Tra i 250 firmatari dell’appello - il primo simile da quando Dio ha inventato l’uomo e l’uomo le tasse - non mancano nomi e soprattutto cognomi che parlano da soli: da Abigail Disney, erede dell’immenso impero dell’intrattenimento lasciato da suo padre Roy e suo zio Walt, all’attore Brian Cox, il comico Simon Pegg, l’ereditiera Valerie Rockfeller, e ancora Marlene Engelhorn, erede della dinastia “Basf”, Stephanie Bremer, il musicista Brian Eno, e perfino due italiani: la coppia Guglielmo e Giorgiana Notarbartolo di Villarosa, figli di Veronica Marzotto, e Martino Cortese, nipote del fondatore della “Amplifon”.
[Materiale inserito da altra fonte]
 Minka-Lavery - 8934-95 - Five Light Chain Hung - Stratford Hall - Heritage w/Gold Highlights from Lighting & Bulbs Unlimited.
“Siamo le persone che beneficiano maggiormente dello status quo, ma la disuguaglianza nel mondo ha raggiunto un punto critico e il suo costo per la nostra stabilità economica, sociale ed ecologica è grave e cresce ogni giorno: è una minaccia crescente per la democrazia”. Da qui la richiesta, quasi una preghiera, di una riforma fiscale globale che metta fine alle profonde disparità in atto nel pianeta e causa di sofferenze, povertà e crisi umanitarie. “Una soluzione che non può arrivare da donazioni una tantum o dalla filantropia, perché l’azione individuale non può correggere il colossale squilibrio che avvertiamo”.
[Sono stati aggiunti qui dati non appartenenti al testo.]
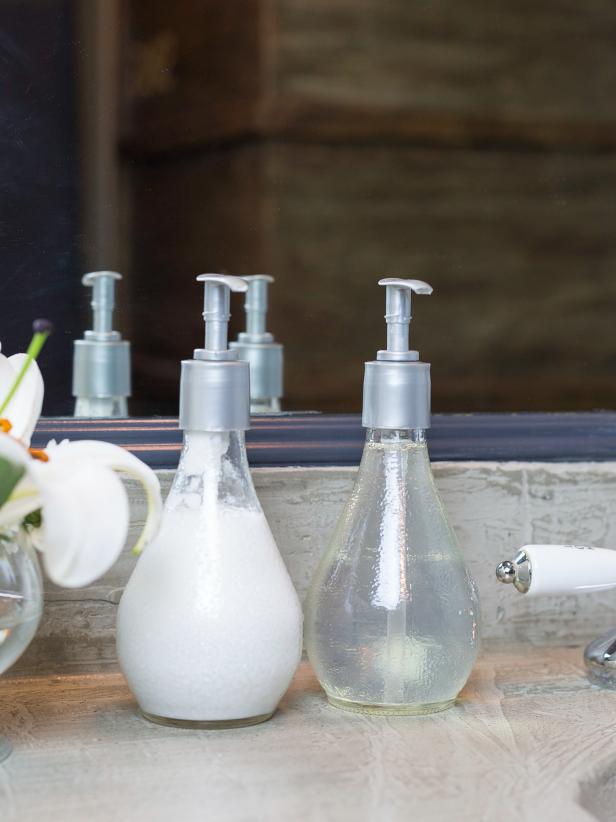 Create Modern Soap Dispensers from Orangina Bottles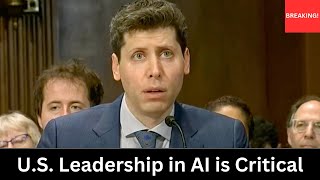 “AI is an Unusual Technology” OpenAI CEO Sam Altman Testimony to Senate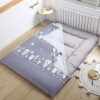 Japanese Futon Cover with Zipper 100% Cotton Cover for Traditional Floor Futon Mattress Removable Washable Without Mattress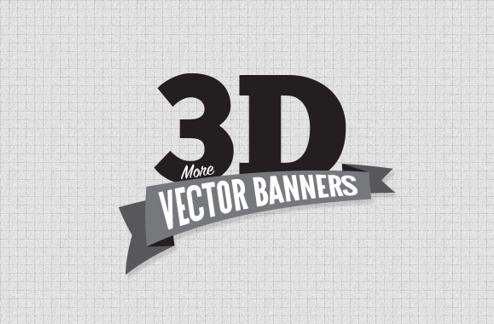 More 3D Vector Banners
Parole che fanno da eco al monito lanciato da Antonio Guterres, segretario generale dell’ONU, secondo cui “la disuguaglianza e l’ingiustizia stanno raggiungendo livelli osceni: più della metà della popolazione del pianeta, quasi cinque miliardi di persone, versano in condizioni di povertà estrema.
La lettera è accompagnata da un report che ha sondato gli umori e i pensieri di 2.300 fra industriali, imprenditori, finanzieri e magnati che rientrano di diritto nell’esclusivo e ristretto circolo del 5% più ricco della terra, da cui emerge un netto 75% ben disposto ad accettare tassazioni e imposte patrimoniali monster pur di vedere servizi migliori e soprattutto assistere ad una drastica riduzione degli effetti del caro-vita sul resto della popolazione.
Di questi, il 70% è convinto che l’economia migliorerebbe in modo sensibile se il denaro in eccesso di chi ne ha molto fosse in qualche modo redistribuito, mentre il 57% è anche convinto che le eccessive concentrazioni di ricchezza siano da ostacolo alla mobilità sociale. Un carico di ammissioni di colpe che si conclude con il 53% degli interpellati, sicuro che perfino i cambiamenti climatici dipendano dalle loro fortune, bloccate nei caveau delle banche di mezzo mondo, e per questo del tutto inutili.